Thursday, May 05, 2005

The Ultimate Frisbee Strategy/Coaching Blog Comprehensive Throwing Guide!

Ok, well maybe I’m not quite there yet….but I think that’s going to be my project for the next few weeks - I’m going to try to put together a big guide to teaching new players how to throw. I kind of have this somewhat scary vision of creating waves and waves of the identical perfect thrower. Has anyone ever seen that commercial for the Tom Lemanski baseball thing? I think the tag line is “winner of AAU back to back to back national titles!” and then they flash up the newspaper headlines. Then it cuts to 10 kids out there swinging a baseball bat and they look like clones? That’s what I’m aiming for….well maybe not exactly…but I do believe that while they’re maybe some variation from individual to individual as to what throwing form works best, there’s also probably some underlying fundamental techniques that all great throwers possess. The point of this “guide to throwing” is to identify what good fundamentals really are, and then explain how to teach them to someone who doesn’t know how to throw.

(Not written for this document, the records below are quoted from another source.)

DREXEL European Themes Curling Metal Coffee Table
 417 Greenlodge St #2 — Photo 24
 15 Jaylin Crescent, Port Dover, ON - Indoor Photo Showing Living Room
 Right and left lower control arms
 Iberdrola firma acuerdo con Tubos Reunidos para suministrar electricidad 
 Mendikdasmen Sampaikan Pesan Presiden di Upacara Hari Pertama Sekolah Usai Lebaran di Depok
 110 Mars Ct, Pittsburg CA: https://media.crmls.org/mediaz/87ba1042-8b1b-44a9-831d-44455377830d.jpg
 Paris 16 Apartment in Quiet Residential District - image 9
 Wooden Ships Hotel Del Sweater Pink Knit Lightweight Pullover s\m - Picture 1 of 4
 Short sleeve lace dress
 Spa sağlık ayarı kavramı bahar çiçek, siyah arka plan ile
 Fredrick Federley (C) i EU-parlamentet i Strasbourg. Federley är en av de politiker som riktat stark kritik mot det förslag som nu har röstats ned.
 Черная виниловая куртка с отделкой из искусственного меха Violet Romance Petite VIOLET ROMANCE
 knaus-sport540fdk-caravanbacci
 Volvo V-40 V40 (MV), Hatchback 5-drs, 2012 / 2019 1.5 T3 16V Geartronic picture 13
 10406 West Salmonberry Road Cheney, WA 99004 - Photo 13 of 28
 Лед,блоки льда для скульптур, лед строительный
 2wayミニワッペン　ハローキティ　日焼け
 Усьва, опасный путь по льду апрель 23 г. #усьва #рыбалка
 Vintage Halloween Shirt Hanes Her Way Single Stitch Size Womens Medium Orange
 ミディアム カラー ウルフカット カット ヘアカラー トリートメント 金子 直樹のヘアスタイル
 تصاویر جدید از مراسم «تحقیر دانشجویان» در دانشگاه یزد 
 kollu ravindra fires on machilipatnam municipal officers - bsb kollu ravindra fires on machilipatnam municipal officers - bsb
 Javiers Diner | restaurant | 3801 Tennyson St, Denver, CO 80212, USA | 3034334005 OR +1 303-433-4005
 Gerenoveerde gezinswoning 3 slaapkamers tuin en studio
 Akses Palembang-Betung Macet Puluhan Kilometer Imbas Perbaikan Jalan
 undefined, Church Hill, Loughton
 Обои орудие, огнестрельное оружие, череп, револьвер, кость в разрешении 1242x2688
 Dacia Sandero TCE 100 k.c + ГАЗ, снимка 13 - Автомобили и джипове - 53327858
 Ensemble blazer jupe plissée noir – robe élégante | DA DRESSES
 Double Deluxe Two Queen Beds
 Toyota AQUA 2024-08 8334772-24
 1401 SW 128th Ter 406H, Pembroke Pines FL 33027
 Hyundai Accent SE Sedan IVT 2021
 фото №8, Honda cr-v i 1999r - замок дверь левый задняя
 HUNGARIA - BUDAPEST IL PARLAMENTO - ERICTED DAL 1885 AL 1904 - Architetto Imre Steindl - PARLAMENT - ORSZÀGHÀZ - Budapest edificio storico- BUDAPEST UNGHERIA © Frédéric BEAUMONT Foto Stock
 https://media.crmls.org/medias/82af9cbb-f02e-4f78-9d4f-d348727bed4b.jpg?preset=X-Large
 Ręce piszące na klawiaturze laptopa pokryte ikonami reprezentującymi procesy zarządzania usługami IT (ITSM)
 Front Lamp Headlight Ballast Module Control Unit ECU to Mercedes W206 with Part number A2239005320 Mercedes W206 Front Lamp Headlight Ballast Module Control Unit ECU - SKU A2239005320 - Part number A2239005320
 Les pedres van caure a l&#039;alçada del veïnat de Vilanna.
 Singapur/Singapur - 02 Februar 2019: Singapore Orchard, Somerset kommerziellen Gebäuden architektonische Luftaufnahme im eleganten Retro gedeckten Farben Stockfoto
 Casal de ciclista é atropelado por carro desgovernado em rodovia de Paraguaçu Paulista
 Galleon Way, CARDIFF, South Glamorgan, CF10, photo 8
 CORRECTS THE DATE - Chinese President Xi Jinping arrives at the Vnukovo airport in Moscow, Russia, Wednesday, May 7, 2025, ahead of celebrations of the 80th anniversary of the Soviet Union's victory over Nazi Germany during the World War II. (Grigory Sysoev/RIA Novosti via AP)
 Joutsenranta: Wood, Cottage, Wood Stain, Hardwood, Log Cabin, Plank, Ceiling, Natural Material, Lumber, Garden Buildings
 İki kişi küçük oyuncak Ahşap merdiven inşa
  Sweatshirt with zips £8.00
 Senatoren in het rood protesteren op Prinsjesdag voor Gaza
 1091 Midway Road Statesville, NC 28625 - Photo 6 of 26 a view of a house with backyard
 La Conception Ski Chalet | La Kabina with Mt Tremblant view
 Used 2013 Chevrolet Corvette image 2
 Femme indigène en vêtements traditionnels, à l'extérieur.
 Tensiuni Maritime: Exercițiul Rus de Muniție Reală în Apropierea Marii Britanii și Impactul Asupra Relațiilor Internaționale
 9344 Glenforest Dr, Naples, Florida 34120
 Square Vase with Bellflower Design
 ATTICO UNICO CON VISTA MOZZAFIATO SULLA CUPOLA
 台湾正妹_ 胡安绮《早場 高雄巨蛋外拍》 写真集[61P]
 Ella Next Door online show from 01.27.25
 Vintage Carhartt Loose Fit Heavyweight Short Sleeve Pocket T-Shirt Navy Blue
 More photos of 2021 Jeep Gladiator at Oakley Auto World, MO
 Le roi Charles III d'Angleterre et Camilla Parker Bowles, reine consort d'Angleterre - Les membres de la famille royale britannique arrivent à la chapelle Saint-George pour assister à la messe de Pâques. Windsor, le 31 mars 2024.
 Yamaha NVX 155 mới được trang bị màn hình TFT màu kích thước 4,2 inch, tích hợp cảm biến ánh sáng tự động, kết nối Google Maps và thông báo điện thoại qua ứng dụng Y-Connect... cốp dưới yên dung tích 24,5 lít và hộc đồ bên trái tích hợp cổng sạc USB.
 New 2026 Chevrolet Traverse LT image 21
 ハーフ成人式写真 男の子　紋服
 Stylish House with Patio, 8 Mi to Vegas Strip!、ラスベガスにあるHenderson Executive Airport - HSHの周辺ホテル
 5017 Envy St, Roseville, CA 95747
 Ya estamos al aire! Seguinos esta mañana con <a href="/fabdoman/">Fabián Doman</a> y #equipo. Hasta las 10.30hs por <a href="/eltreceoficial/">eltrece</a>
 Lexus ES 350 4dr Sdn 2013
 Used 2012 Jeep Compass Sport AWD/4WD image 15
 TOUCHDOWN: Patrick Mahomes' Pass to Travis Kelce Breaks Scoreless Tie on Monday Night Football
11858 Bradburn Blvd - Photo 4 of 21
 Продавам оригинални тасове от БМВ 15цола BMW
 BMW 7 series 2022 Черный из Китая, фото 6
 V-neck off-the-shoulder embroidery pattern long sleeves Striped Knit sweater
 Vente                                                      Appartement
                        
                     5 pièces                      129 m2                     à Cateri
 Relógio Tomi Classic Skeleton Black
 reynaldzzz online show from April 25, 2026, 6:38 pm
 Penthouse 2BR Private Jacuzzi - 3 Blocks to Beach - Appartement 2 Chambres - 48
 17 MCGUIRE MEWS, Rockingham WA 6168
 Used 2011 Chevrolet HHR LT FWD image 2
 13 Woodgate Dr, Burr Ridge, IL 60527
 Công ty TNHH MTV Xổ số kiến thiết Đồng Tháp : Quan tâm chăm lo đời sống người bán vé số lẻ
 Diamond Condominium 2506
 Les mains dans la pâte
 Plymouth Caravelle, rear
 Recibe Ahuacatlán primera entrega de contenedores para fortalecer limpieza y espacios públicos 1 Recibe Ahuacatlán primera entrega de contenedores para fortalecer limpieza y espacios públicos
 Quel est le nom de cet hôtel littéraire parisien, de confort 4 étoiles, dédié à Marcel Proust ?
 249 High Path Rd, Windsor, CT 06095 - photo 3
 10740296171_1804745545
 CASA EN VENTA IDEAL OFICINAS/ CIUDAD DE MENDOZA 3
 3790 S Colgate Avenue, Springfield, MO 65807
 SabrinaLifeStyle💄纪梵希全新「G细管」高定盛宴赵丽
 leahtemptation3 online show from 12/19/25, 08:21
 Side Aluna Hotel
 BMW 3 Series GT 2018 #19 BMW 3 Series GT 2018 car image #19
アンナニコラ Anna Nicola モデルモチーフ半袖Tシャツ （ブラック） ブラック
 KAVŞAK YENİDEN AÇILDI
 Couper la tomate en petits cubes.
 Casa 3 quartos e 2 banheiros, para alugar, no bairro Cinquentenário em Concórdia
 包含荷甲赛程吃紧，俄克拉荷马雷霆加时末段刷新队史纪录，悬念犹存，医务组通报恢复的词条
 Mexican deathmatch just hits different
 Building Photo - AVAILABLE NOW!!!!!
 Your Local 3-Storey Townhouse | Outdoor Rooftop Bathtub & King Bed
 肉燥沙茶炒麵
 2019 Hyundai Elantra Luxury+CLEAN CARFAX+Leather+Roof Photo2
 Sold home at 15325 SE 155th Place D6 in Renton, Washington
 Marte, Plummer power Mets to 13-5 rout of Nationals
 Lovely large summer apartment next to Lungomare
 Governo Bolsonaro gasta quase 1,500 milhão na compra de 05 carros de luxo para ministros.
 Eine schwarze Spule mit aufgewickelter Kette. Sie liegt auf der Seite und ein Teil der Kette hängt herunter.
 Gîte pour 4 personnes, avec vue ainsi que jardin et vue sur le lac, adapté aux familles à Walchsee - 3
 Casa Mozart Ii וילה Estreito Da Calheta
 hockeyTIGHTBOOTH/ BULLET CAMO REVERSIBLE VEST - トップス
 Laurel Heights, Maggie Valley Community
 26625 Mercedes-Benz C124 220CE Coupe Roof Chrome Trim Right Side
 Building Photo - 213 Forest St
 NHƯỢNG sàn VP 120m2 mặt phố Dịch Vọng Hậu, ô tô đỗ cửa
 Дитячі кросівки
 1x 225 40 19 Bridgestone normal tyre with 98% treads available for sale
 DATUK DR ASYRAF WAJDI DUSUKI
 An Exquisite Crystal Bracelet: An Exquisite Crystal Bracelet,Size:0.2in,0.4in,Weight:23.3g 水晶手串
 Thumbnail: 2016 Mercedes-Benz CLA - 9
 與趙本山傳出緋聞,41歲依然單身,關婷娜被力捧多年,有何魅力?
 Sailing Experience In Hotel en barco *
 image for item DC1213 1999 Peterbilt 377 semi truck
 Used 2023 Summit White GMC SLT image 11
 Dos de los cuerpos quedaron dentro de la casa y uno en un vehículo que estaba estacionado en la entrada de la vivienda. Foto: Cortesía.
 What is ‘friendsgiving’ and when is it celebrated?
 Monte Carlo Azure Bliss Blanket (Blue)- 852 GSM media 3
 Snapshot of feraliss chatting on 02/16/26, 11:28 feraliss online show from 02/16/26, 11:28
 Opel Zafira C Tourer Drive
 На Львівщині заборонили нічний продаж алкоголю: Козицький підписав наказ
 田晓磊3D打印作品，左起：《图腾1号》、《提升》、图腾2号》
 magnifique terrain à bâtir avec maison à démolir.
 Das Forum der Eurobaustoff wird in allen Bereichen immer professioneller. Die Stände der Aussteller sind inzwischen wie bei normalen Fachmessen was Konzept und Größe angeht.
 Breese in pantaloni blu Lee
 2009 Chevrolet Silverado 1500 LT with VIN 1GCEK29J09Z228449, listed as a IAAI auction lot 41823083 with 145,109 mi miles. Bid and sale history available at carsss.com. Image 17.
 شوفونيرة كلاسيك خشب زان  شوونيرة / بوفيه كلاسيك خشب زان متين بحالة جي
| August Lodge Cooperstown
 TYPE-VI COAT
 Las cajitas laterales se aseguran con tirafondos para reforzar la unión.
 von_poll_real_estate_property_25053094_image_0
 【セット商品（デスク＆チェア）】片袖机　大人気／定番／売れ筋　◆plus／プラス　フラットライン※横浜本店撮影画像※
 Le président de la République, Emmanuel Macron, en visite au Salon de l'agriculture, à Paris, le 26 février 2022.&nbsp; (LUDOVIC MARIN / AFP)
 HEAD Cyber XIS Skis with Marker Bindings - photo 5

The difficulty here is that I’m a pretty mediocre thrower myself…this is where YOU come in. If you’re reading this blog, you’ve probably spent an inordinate amount of time teaching new players how to throw. I want to know what’s worked for you. Here are some of the things I want to know 1)what’s the ideal position to have your feet in when you throw your flick/backhand? Does this position change depending on what type of flick or backhand your throwing (IO vs OI etc)? How does this change depending on how the defender is marking (mugging vs. taking a step back)? 2) what’s the best way to hold the flick/backhand? Is it better to just let people hold it how it feels comfortable? Should your grip change based on how far you’re trying to throw it? 3) where does power/distance come from? 4) Once we’ve identifed these things, what’s the best way to teach them? 5) Anything else that strikes your fancy when it comes to throwing.


Noah said...

Miscellaneous tips that I've given or been given that seemed to help, in no particular order:

-stay balanced
-keep your "trunk" vertical, especially your head (esp. when throwing inverts)
-snap your wrist, as spin is important
-snap your wrist harder
-(the grip is hard to explain in text...)
-two fingers on the rim for a flick, regardless of the distance
-for backhand hucks, four fingers inside the rim is generally best
-for backhand non-hucks, do what's comfortable as long as you get enough spin on it. if you want to stick your index finger on the rim, it's not the end of the world.
-obviously, depending on how the person's throws look and what they do, different suggestions might be appropriate... it seems that some players just have a knack for recognizing ways to help a developing thrower, so find one of these if you yourself are not one
-generally, grip the disc tightly
-try to figure out the difference between spin and directional velocity. spin keeps the disc in the air and stabilizes it, directional velocity makes the disc get to its destination
-try to get enough spin on your throws so the throw will just "sit" in the air for a receiver
-teaching people how to throw is mostly about watching them individually and being able to suggest tips which may or may not work
-often as people try to throw hucks (esp. backhands) they tend to a) step into their throws (i.e. move the non-pivot foot straight forward) or b) put too much elbow into it (esp. for flick hucks). in my experience, it is preferable to step to the side to maintain balance and to focus on getting enough spin and the appropriate angle on hucks, rather than just cranking them as hard as possible
-for hucks, start the throw slightly inverted and it will turn over as it moves downfield
-it is harder to throw inverts than outside-in, especially with the flick... so it can be helpful to work on bending the wrist in that way to get a clean release
-practice throwing as flat as possible
-practice throwing inverts and outside-in passes too
-throw more
-throw even more

Hopefully I didn't say just the obvious stuff. Pulling is an entirely different issue, maybe we can dissect that in a future chapter of the Comprehensive Throwing Guide. Oh yeah, pivoting (and breaking the mark) is an entirely different chapter as well... might ask Josh Markette about that.


Tarr said...

This is something I've thought about a lot this year. I feel like I didn't really understand how to teach throwing until this year.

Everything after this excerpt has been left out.